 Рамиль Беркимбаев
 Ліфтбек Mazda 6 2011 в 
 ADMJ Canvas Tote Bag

...

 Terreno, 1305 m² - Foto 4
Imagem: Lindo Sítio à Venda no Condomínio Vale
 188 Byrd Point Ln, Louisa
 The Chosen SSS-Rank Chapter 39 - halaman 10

● **WORK ORDER**
Restate word for word the entries above, starting at the line with "Рамиль Беркимбаев" and ending at the line with "ADMJ Canvas Tote Bag", inclusive, and no others.

● **EXERCISE ANSWER**
 Рамиль Беркимбаев
 Ліфтбек Mazda 6 2011 в 
 ADMJ Canvas Tote Bag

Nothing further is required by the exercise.